国際人権NGOのアムネスティ・インターナショナルはこうした運動の先頭に立っている。アムネスティ・インターナショナル日本も19日、公式ウェブサイトで、アラビア語、英語、もしくは日本語で以下の内容のアピールを作り、スーダンの法務大臣や外務大臣、駐日スーダン大使館に、ファックスやメールで送るよう呼びかけている。
- イブラヒムさんは、信仰と信念を理由に有罪とされた良心の囚人だ。当局者に即時かつ無条件で彼女の釈放を要請する。
- 国際人権法に定められたスーダンの義務を順守し、かん通と背教を犯罪とする刑法126条、146条を廃止するよう当局者に要請する。
- 死刑廃止への第一歩として死刑の執行を停止し、むち打ち刑を廃止するよう当局者に求める。

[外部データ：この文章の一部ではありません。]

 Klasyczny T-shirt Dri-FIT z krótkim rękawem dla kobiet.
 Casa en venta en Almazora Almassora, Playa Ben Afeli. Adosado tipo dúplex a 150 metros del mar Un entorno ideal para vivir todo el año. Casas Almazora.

これに対し、ワシントンDCにあるスーダン大使館は、公式英文ウェブページで、「一部の公式声明や報道は、スーダンの市民としてのメリアムさんの市民権を奪って人権を侵害しているとして、誤ってスーダン政府を非難しているため、遺憾をもって注目した」と述べ、次のように記している。
スーダン政府の公式記録が示すところでは、この事件でメリアム・イブラヒムと呼ばれている女性の本名は実は「アブラール・ムハンマド・アブダラ・アブガディーン」であり、彼女の名前がメリアム・イブラヒム・ヤヒアに変えられたことを示す公式記録はない。アブラールは1986年1月1日にアルガーダレフ州のウム・シャグラでイスラム教徒のスーダン人の両親の下に生まれたのであり、母親がエチオピア出身の正教のキリスト教徒だというのは真実ではない。

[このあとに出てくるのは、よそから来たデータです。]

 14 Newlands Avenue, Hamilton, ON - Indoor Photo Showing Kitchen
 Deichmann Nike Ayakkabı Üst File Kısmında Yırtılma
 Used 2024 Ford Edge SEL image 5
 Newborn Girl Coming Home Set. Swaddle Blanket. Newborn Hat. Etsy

この事件の背景に政府の官庁はいない。むしろ、彼女の直近の家族が、自分たちの娘が行方不明だと伝えたのであり、その後、そして彼女が見つかって自分がキリスト教徒だと主張した後、その家族が彼女に対して背教のかどで提訴したのだ。
裁判官の判決は、2014年2月以降に全ての関係者に聴取した後に第一審でなされたもので、それは、もし控訴裁判所、最高裁判所、そして最終的には憲法裁判所という三審によって確定すれば、少なくとも2年後に執行されることになる。スーダンの司法機関は独立しており、スーダンの裁判官たちは資質と威厳を持っている。
この事件は依然として法的問題であり、宗教や政治の問題ではない。似たような基礎を持つこの2つの平和的な宗教同士で宗教的な緊張に拍車をかけるのは賢明ではなく危険だ。特に、選択の自由がイスラム教とキリスト教の両方の要石であることを強調することが大切である。
あらゆる人権と信教の自由に対するスーダン政府の責務を再確認する一方で、ワシントンDCのスーダン大使館は、この問題に関する関心や同情を寄せてくださった全ての人々に感謝を申し上げたい。